Task brief:
Every record must come back unchanged, apart from the pictures, which are dropped.
*** Source data Section Begins ***
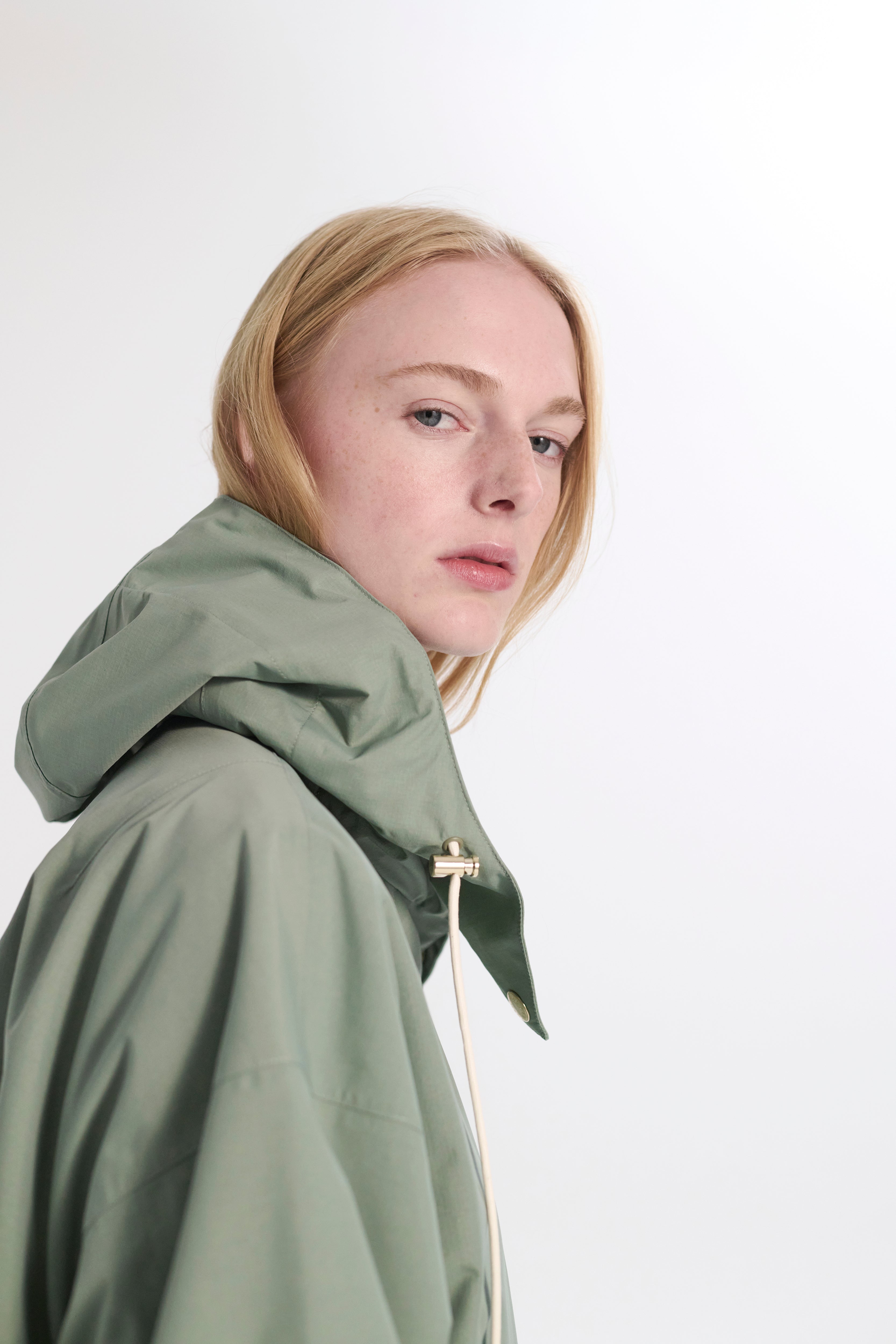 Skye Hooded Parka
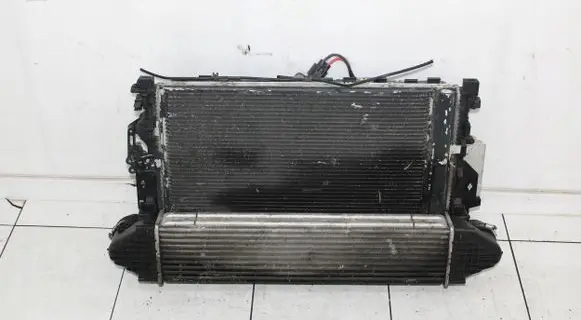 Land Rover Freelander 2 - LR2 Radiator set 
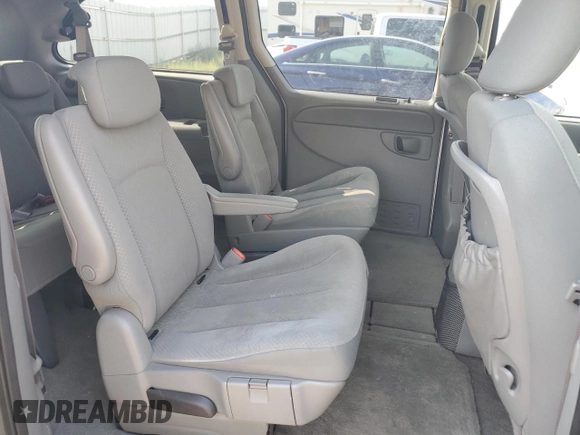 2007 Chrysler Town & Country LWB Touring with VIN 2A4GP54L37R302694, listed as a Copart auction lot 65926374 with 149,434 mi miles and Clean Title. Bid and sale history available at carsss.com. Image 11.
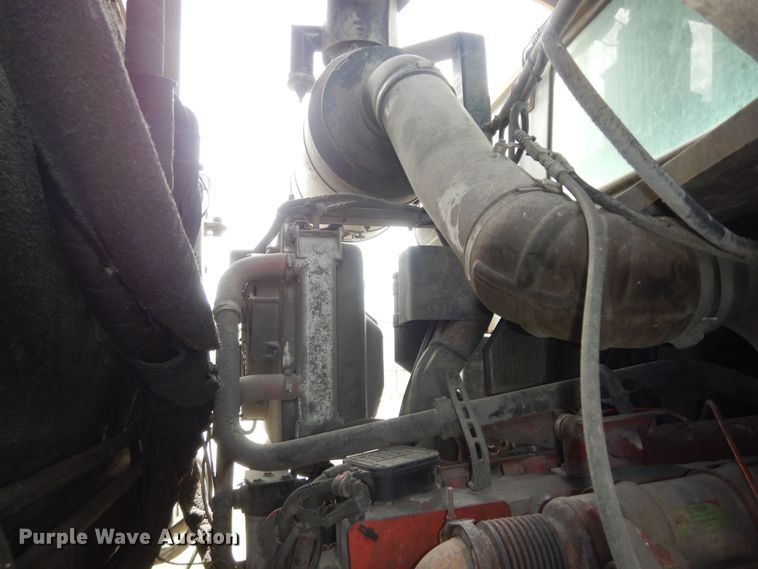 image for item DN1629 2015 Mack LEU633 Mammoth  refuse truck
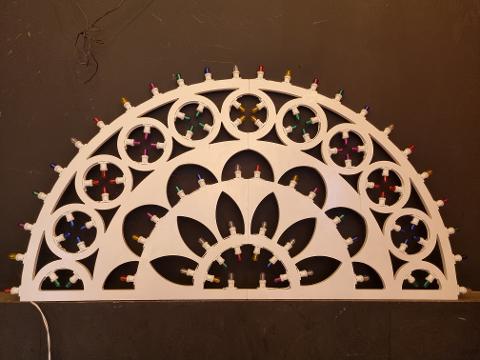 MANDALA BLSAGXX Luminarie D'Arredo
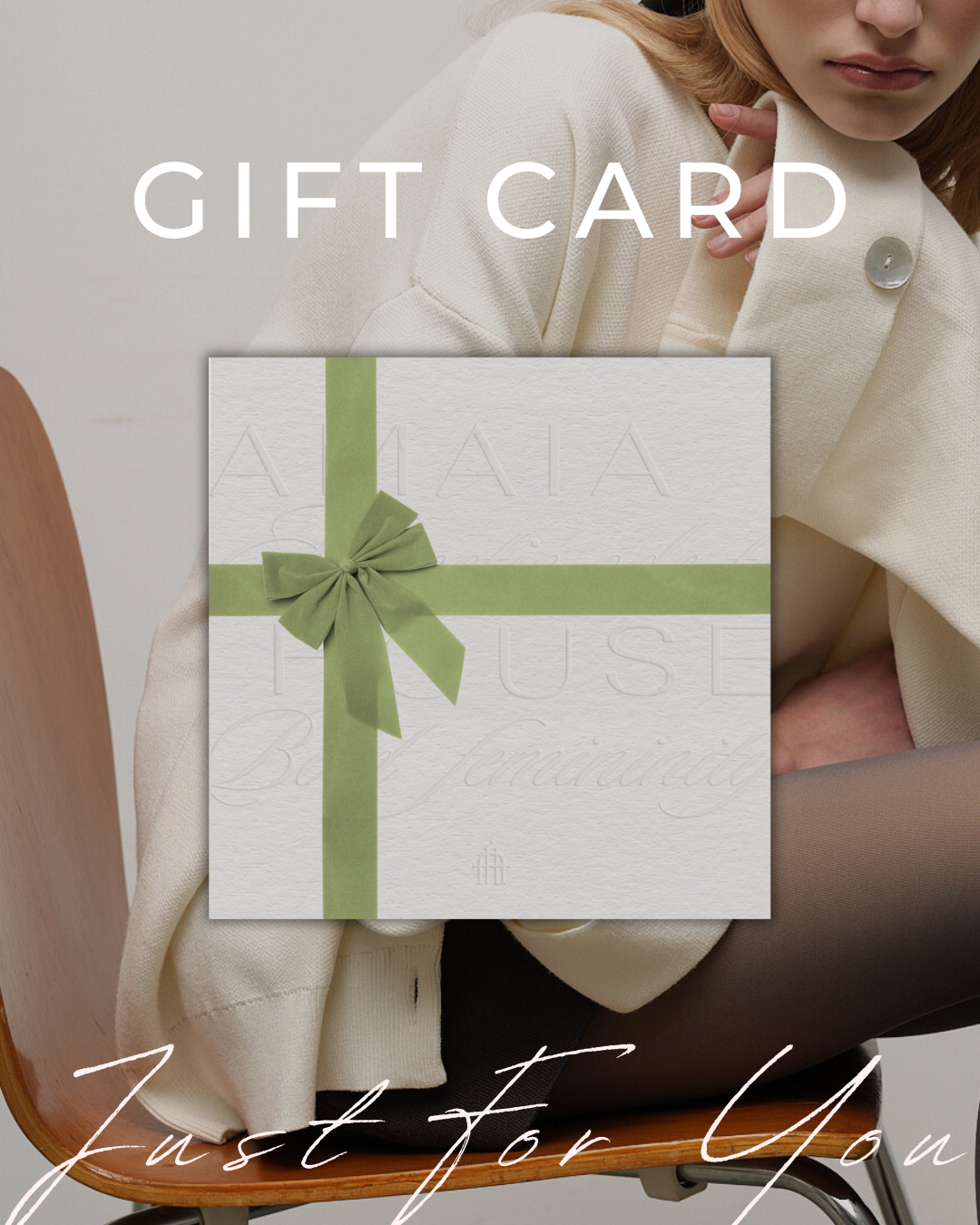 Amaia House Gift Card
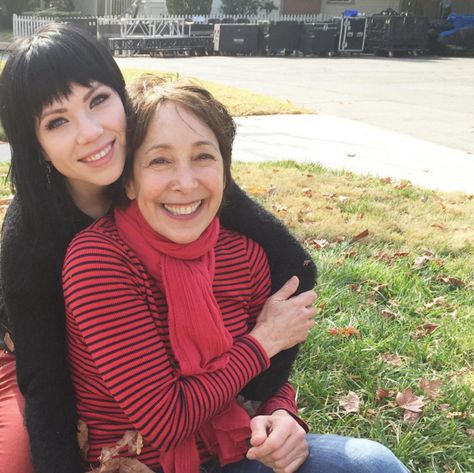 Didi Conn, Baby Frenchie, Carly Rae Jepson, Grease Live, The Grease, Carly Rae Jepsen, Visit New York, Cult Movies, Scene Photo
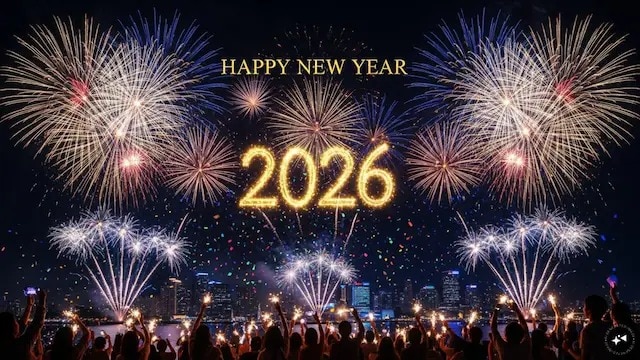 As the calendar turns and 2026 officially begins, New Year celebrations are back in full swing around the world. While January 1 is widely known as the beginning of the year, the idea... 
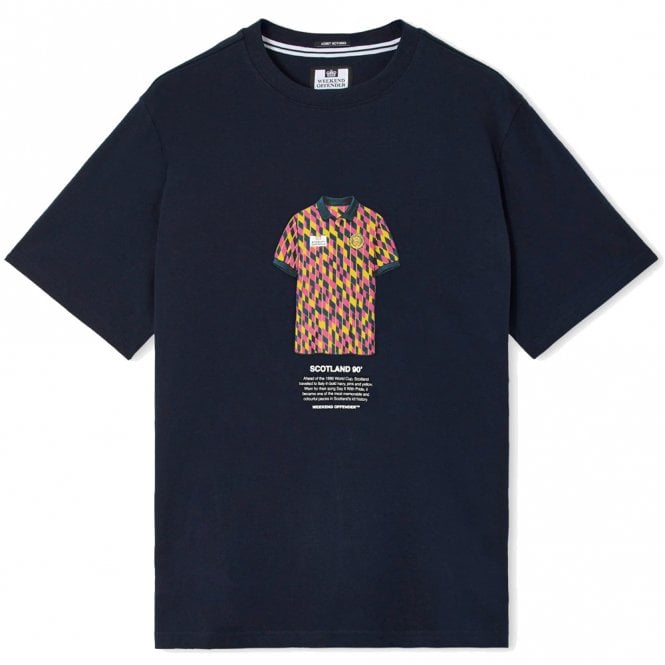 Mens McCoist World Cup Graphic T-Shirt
*** Source data Section Ends ***
Output of the exercise:
 Skye Hooded Parka
 Land Rover Freelander 2 - LR2 Radiator set 
 2007 Chrysler Town & Country LWB Touring with VIN 2A4GP54L37R302694, listed as a Copart auction lot 65926374 with 149,434 mi miles and Clean Title. Bid and sale history available at carsss.com. Image 11.
 image for item DN1629 2015 Mack LEU633 Mammoth  refuse truck
 MANDALA BLSAGXX Luminarie D'Arredo
 Amaia House Gift Card
 Didi Conn, Baby Frenchie, Carly Rae Jepson, Grease Live, The Grease, Carly Rae Jepsen, Visit New York, Cult Movies, Scene Photo
 As the calendar turns and 2026 officially begins, New Year celebrations are back in full swing around the world. While January 1 is widely known as the beginning of the year, the idea... 
 Mens McCoist World Cup Graphic T-Shirt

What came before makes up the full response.